Quichotte by Salman Rushdie (Random House). A strikingly nervy way of writing about a great literary work, a radical re-telling in a very modern setting of that cornerstone of the Western canon Don Quixote. Wildly exuberant, deeply literary and shamelessly slapsticky, it might well remind you, distantly, of Cervantes, but hardly at all of the early work of the great Rushdie. It’s startlingly and convincingly tragic at moments, but mostly full of not just parodies and impressions of the classic but jokes, including some proudly awful ones — and ghosts and realistic mad fantasies and all sorts of intoxications and something like SNL sketches, if those brilliant comedy writers were also profoundly literary. Equally thoughtful early reviews have either warmly praised or irritably dismissed this new book, and I’m not sure which I more nearly agree with. I know it was thrilling to wrestle with this contemporary master once again.
Rage Inside the Machine: The Prejudices of Algorithms... by Robert Elliott Smith (Bloomsbury Business).

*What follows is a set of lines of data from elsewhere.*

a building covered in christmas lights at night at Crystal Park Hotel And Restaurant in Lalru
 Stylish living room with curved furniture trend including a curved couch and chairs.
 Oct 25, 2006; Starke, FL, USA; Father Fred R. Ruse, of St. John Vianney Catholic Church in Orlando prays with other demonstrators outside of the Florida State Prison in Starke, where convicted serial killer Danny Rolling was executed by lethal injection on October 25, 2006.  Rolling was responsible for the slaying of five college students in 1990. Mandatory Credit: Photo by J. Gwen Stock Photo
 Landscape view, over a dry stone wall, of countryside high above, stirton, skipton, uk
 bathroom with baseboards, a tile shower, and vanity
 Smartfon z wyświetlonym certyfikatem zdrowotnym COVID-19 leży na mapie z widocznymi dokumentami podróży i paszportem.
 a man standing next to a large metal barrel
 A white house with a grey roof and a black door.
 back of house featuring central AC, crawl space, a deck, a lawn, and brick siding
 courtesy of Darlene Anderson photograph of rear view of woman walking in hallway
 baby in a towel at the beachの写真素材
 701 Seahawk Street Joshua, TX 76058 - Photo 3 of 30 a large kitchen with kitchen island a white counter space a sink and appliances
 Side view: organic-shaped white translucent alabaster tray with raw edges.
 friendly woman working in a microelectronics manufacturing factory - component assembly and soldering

A brilliant — not glaring but illuminating — introduction to a nasty flaw that’s all but endemic in the “thought” processes of artificial intelligence designs — a tendency that has identifiable resemblances to a kind of lazy, knee-jerk thinking that we humans fall into all too easily that’s the very soil that supports the bitter divisions that plague American civic culture now. Given the inevitability of AI’s growth, it must be got hold of — and it can be, Smith tells us, clearly and calmly. Though he can’t assure us that it will be.
The Long Call: A Two Rivers Novel by Ann Cleeves (St. Martin’s Minotaur). And, glory be, the launch of a brand-new series, with the most complex central character the great Cleeves has ever put before us, in a richly realized setting, as always — but more so than ever. Even Vera Stanhope and Jimmy Perez might have been unsettled at first by Matthew Venn, but they’d soon come to admire him, and so will you. And of course it’s to be a Brit-to-US TV series, by the producers of both of those earlier ones.